You were tempted to yell at your television set: “Enough yourself, Liz! Enough manipulation of an audience who wants only to see a beloved performer sing and strut. Enough pretending that accusations of child sex abuse and multimillion-dollar payoffs aren’t big news.”

Oh, where is LaToya when you need her?

*

I am not kidding when I compare the Jacksons to the Windsors. The parallels are striking:

The Windsors have two queens of England (Elizabeth II and the Queen Mother).

The Jacksons have one King of Pop.

Topless photos of the outcast Duchess of York appeared in newspapers in 1992.

Nude photos of the outcast LaToya appeared in Playboy in 1989.

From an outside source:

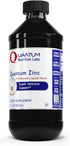 Quantum Nutrition Labs Zinc - Liquid Zinc Drops, 25mg Zinc Tincture for Adults, 8 Fl Oz Bottle for Immune Support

During an address to her decreasingly loyal subjects, the Queen of England pronounced 1992 her “ annus horribilus .”

Last week, in a news conference preceding “The Jackson Family Honors,” the King Mother, Katherine Jackson, was asked if her family has lived the American dream.

“It’s been an American nightmare in the last six months,” she replied.

*

Some Jackson-related questions that occur to me:

* In the title, “Jackson Family Honors,” is Honors a verb or a noun?

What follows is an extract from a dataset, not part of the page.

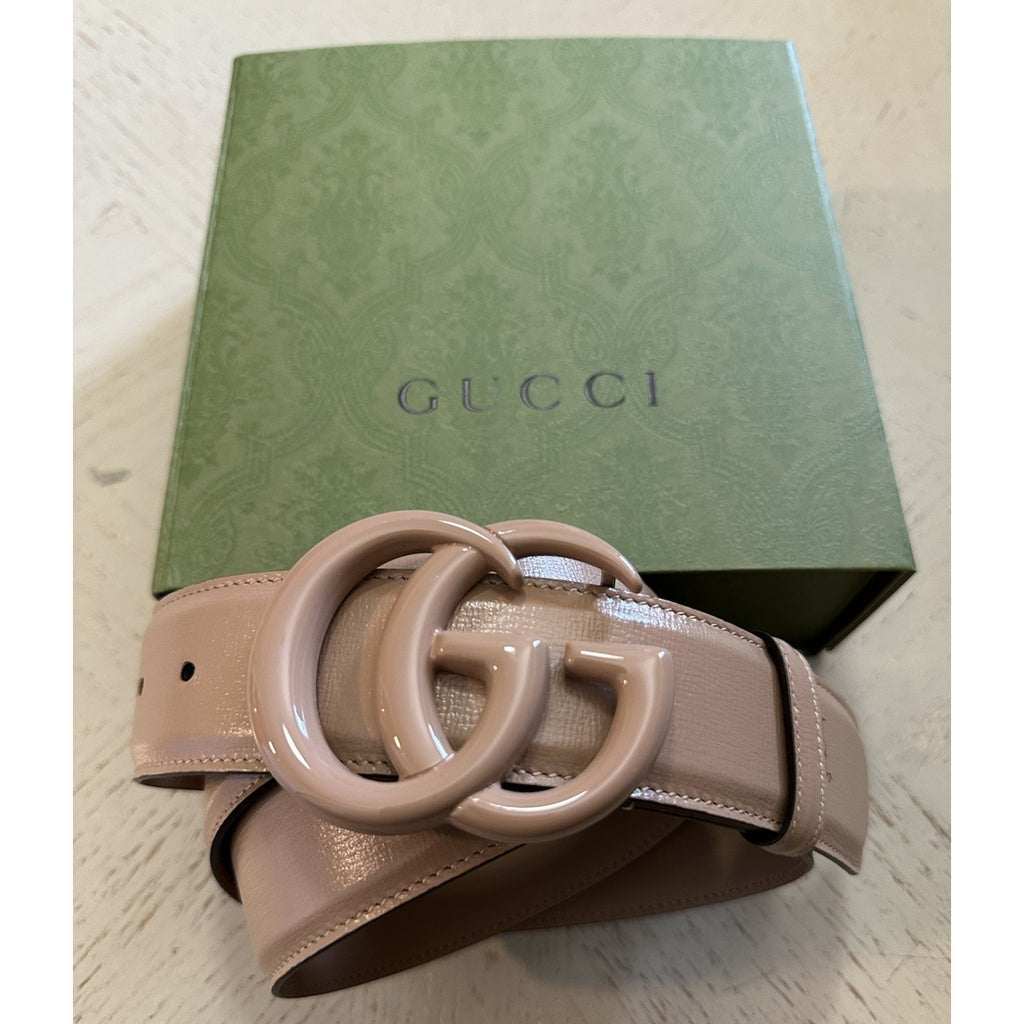 Gucci Women Leather GG Belt warm caramel / nude beige Size 120/48 NWT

* How could a family that has produced dancers the caliber of Michael and Janet end up on the same stage as the Michael Peters Dancers, who, frankly, were a worst-case Las Vegas scenario?

* Did LaToya actually think she could sneak in to the MGM Grand Hotel unnoticed, especially if she donned what her husband called her “Arabic woman” disguise, veil and all?

* Is it just me, or was anyone else grossed out by Taylor’s description of Michael as “bruised but magically untouched by the tongues and opinions of the world”?

* If you stood the extremely underanimated Joe Jackson next a wax statue of himself, could anyone tell them apart?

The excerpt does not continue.